[[ Data provided, beginning ]]
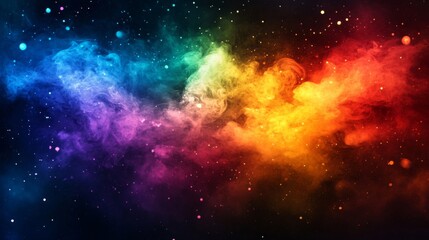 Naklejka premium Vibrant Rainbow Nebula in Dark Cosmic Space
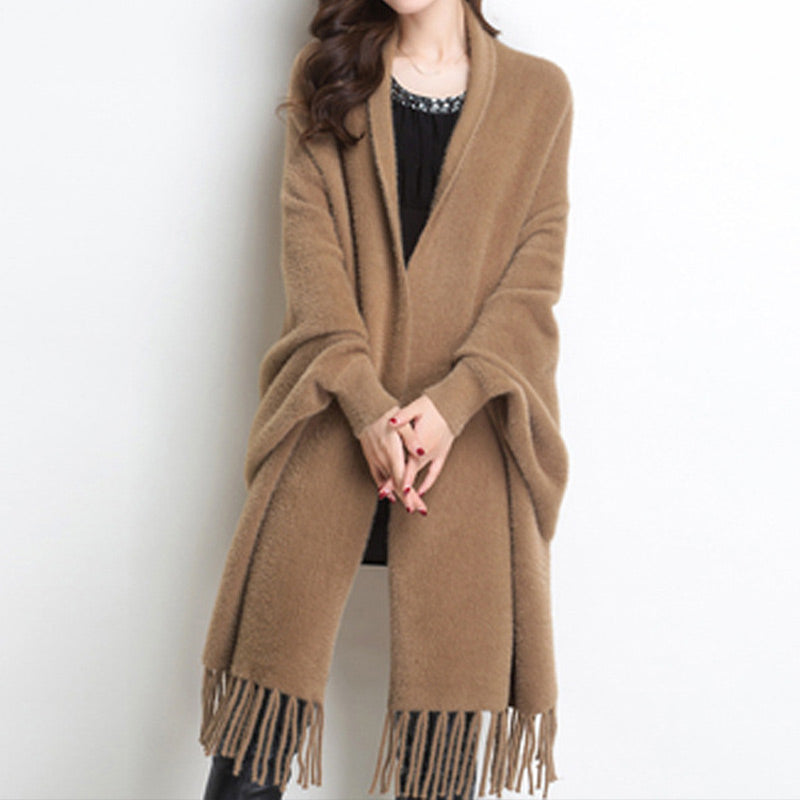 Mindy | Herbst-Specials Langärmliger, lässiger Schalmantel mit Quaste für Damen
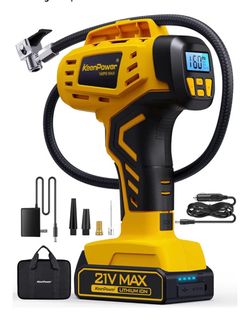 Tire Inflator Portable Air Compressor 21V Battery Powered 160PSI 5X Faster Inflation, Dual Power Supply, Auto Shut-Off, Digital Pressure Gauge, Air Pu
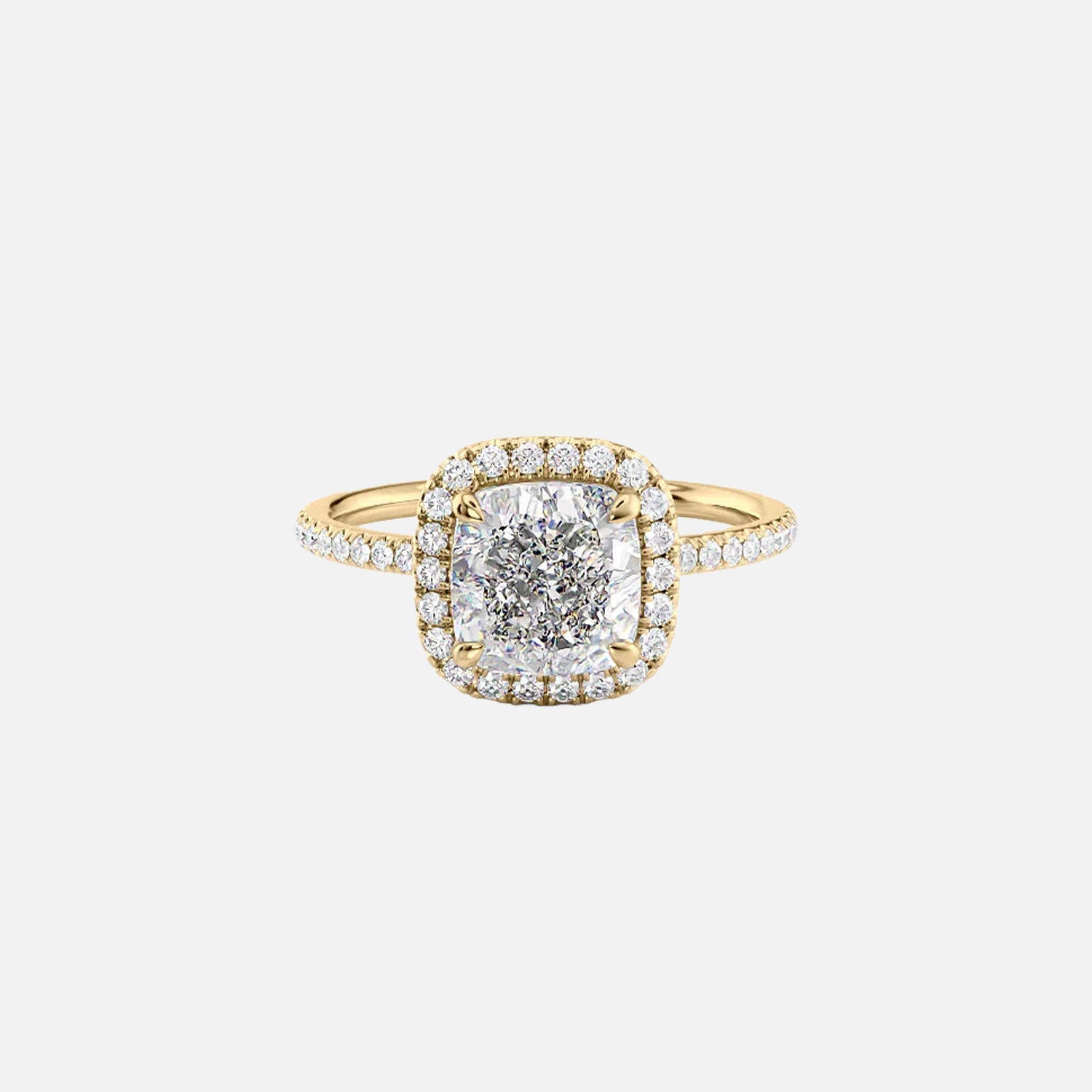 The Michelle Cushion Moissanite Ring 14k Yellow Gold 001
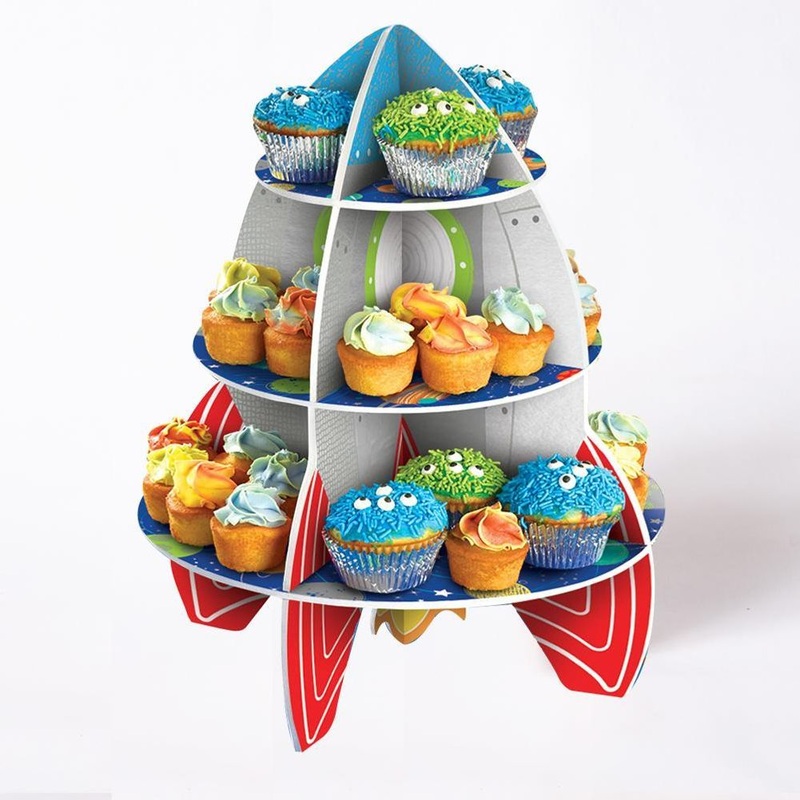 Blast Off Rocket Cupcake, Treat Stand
[[ Data provided, end ]]
- Exercise description -
Please retype the lines from the one containing "Mindy | Herbst-Specials" through the last line of the records above, exactly as written, and leave out any pictures.

- Response area -
 Mindy | Herbst-Specials Langärmliger, lässiger Schalmantel mit Quaste für Damen
 Tire Inflator Portable Air Compressor 21V Battery Powered 160PSI 5X Faster Inflation, Dual Power Supply, Auto Shut-Off, Digital Pressure Gauge, Air Pu
 The Michelle Cushion Moissanite Ring 14k Yellow Gold 001
 Blast Off Rocket Cupcake, Treat Stand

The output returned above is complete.